Stored entries
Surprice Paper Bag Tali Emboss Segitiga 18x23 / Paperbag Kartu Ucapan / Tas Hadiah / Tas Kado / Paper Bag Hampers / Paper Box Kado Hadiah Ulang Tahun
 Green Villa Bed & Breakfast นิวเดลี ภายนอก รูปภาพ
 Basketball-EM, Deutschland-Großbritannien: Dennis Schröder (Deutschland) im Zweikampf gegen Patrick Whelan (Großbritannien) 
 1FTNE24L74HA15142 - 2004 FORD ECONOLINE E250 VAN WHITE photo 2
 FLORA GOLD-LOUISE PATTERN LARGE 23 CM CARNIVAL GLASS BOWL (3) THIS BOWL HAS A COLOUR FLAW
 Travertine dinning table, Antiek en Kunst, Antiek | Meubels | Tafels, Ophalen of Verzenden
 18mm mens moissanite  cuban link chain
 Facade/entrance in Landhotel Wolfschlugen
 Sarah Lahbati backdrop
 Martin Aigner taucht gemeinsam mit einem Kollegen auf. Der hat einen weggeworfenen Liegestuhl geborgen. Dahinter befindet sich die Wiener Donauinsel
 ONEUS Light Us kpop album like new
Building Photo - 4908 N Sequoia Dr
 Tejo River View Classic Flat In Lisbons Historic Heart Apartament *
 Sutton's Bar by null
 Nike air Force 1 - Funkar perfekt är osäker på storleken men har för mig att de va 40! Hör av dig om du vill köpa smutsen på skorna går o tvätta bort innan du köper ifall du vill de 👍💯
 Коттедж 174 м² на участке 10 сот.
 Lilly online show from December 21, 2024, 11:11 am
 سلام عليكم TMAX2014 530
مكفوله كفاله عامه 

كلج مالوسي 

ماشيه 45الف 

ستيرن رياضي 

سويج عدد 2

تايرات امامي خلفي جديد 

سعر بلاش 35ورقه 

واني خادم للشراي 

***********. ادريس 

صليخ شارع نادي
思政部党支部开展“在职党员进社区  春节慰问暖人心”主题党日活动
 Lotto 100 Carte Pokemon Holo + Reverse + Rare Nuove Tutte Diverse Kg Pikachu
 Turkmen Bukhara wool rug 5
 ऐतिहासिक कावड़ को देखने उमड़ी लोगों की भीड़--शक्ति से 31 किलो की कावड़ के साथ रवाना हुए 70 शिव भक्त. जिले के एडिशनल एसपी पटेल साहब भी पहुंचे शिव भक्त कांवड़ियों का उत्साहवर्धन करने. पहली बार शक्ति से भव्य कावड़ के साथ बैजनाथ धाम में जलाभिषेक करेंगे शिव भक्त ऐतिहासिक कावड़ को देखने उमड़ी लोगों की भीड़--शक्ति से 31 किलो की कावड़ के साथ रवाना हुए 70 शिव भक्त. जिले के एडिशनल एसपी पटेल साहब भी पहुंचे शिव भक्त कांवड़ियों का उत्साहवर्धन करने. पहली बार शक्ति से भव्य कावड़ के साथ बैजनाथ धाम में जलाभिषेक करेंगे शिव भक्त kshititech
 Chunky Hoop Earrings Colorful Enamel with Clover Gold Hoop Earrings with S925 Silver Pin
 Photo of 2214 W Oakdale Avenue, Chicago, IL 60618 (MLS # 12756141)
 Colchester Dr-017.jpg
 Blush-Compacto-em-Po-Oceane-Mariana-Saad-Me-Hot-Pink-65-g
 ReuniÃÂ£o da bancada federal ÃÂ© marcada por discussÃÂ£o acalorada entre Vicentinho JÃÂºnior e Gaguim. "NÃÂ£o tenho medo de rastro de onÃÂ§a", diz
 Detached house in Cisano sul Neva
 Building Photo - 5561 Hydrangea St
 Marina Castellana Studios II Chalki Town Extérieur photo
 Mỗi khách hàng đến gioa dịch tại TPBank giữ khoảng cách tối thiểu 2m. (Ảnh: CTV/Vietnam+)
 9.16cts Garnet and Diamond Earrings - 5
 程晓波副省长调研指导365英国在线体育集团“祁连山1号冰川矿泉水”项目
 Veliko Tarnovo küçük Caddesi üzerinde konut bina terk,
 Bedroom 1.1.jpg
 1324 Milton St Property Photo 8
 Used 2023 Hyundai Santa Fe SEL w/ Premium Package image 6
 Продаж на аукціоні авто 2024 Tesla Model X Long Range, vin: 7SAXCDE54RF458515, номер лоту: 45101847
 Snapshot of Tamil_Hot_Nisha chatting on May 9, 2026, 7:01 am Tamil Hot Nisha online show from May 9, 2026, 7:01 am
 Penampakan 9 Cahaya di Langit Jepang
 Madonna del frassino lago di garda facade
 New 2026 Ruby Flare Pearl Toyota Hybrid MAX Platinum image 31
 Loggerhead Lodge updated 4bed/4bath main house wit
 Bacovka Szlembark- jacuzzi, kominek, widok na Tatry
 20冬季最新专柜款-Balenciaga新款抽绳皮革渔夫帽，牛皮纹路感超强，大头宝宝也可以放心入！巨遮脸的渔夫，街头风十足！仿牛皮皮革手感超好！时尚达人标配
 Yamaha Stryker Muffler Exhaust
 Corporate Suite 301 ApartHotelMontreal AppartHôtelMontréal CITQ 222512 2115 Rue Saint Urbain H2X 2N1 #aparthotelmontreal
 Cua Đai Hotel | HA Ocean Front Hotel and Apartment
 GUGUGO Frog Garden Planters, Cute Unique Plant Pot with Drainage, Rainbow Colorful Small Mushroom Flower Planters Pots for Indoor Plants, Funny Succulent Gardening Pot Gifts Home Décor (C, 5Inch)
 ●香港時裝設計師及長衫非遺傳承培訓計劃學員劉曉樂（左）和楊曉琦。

> **Problem description**
The entries above must be retyped exactly, down to the last character.

> **Your response**
Surprice Paper Bag Tali Emboss Segitiga 18x23 / Paperbag Kartu Ucapan / Tas Hadiah / Tas Kado / Paper Bag Hampers / Paper Box Kado Hadiah Ulang Tahun
 Green Villa Bed & Breakfast นิวเดลี ภายนอก รูปภาพ
 Basketball-EM, Deutschland-Großbritannien: Dennis Schröder (Deutschland) im Zweikampf gegen Patrick Whelan (Großbritannien) 
 1FTNE24L74HA15142 - 2004 FORD ECONOLINE E250 VAN WHITE photo 2
 FLORA GOLD-LOUISE PATTERN LARGE 23 CM CARNIVAL GLASS BOWL (3) THIS BOWL HAS A COLOUR FLAW
 Travertine dinning table, Antiek en Kunst, Antiek | Meubels | Tafels, Ophalen of Verzenden
 18mm mens moissanite  cuban link chain
 Facade/entrance in Landhotel Wolfschlugen
 Sarah Lahbati backdrop
 Martin Aigner taucht gemeinsam mit einem Kollegen auf. Der hat einen weggeworfenen Liegestuhl geborgen. Dahinter befindet sich die Wiener Donauinsel
 ONEUS Light Us kpop album like new
Building Photo - 4908 N Sequoia Dr
 Tejo River View Classic Flat In Lisbons Historic Heart Apartament *
 Sutton's Bar by null
 Nike air Force 1 - Funkar perfekt är osäker på storleken men har för mig att de va 40! Hör av dig om du vill köpa smutsen på skorna går o tvätta bort innan du köper ifall du vill de 👍💯
 Коттедж 174 м² на участке 10 сот.
 Lilly online show from December 21, 2024, 11:11 am
 سلام عليكم TMAX2014 530
مكفوله كفاله عامه 

كلج مالوسي 

ماشيه 45الف 

ستيرن رياضي 

سويج عدد 2

تايرات امامي خلفي جديد 

سعر بلاش 35ورقه 

واني خادم للشراي 

***********. ادريس 

صليخ شارع نادي
思政部党支部开展“在职党员进社区  春节慰问暖人心”主题党日活动
 Lotto 100 Carte Pokemon Holo + Reverse + Rare Nuove Tutte Diverse Kg Pikachu
 Turkmen Bukhara wool rug 5
 ऐतिहासिक कावड़ को देखने उमड़ी लोगों की भीड़--शक्ति से 31 किलो की कावड़ के साथ रवाना हुए 70 शिव भक्त. जिले के एडिशनल एसपी पटेल साहब भी पहुंचे शिव भक्त कांवड़ियों का उत्साहवर्धन करने. पहली बार शक्ति से भव्य कावड़ के साथ बैजनाथ धाम में जलाभिषेक करेंगे शिव भक्त ऐतिहासिक कावड़ को देखने उमड़ी लोगों की भीड़--शक्ति से 31 किलो की कावड़ के साथ रवाना हुए 70 शिव भक्त. जिले के एडिशनल एसपी पटेल साहब भी पहुंचे शिव भक्त कांवड़ियों का उत्साहवर्धन करने. पहली बार शक्ति से भव्य कावड़ के साथ बैजनाथ धाम में जलाभिषेक करेंगे शिव भक्त kshititech
 Chunky Hoop Earrings Colorful Enamel with Clover Gold Hoop Earrings with S925 Silver Pin
 Photo of 2214 W Oakdale Avenue, Chicago, IL 60618 (MLS # 12756141)
 Colchester Dr-017.jpg
 Blush-Compacto-em-Po-Oceane-Mariana-Saad-Me-Hot-Pink-65-g
 ReuniÃÂ£o da bancada federal ÃÂ© marcada por discussÃÂ£o acalorada entre Vicentinho JÃÂºnior e Gaguim. "NÃÂ£o tenho medo de rastro de onÃÂ§a", diz
 Detached house in Cisano sul Neva
 Building Photo - 5561 Hydrangea St
 Marina Castellana Studios II Chalki Town Extérieur photo
 Mỗi khách hàng đến gioa dịch tại TPBank giữ khoảng cách tối thiểu 2m. (Ảnh: CTV/Vietnam+)
 9.16cts Garnet and Diamond Earrings - 5
 程晓波副省长调研指导365英国在线体育集团“祁连山1号冰川矿泉水”项目
 Veliko Tarnovo küçük Caddesi üzerinde konut bina terk,
 Bedroom 1.1.jpg
 1324 Milton St Property Photo 8
 Used 2023 Hyundai Santa Fe SEL w/ Premium Package image 6
 Продаж на аукціоні авто 2024 Tesla Model X Long Range, vin: 7SAXCDE54RF458515, номер лоту: 45101847
 Snapshot of Tamil_Hot_Nisha chatting on May 9, 2026, 7:01 am Tamil Hot Nisha online show from May 9, 2026, 7:01 am
 Penampakan 9 Cahaya di Langit Jepang
 Madonna del frassino lago di garda facade
 New 2026 Ruby Flare Pearl Toyota Hybrid MAX Platinum image 31
 Loggerhead Lodge updated 4bed/4bath main house wit
 Bacovka Szlembark- jacuzzi, kominek, widok na Tatry
 20冬季最新专柜款-Balenciaga新款抽绳皮革渔夫帽，牛皮纹路感超强，大头宝宝也可以放心入！巨遮脸的渔夫，街头风十足！仿牛皮皮革手感超好！时尚达人标配
 Yamaha Stryker Muffler Exhaust
 Corporate Suite 301 ApartHotelMontreal AppartHôtelMontréal CITQ 222512 2115 Rue Saint Urbain H2X 2N1 #aparthotelmontreal
 Cua Đai Hotel | HA Ocean Front Hotel and Apartment
 GUGUGO Frog Garden Planters, Cute Unique Plant Pot with Drainage, Rainbow Colorful Small Mushroom Flower Planters Pots for Indoor Plants, Funny Succulent Gardening Pot Gifts Home Décor (C, 5Inch)
 ●香港時裝設計師及長衫非遺傳承培訓計劃學員劉曉樂（左）和楊曉琦。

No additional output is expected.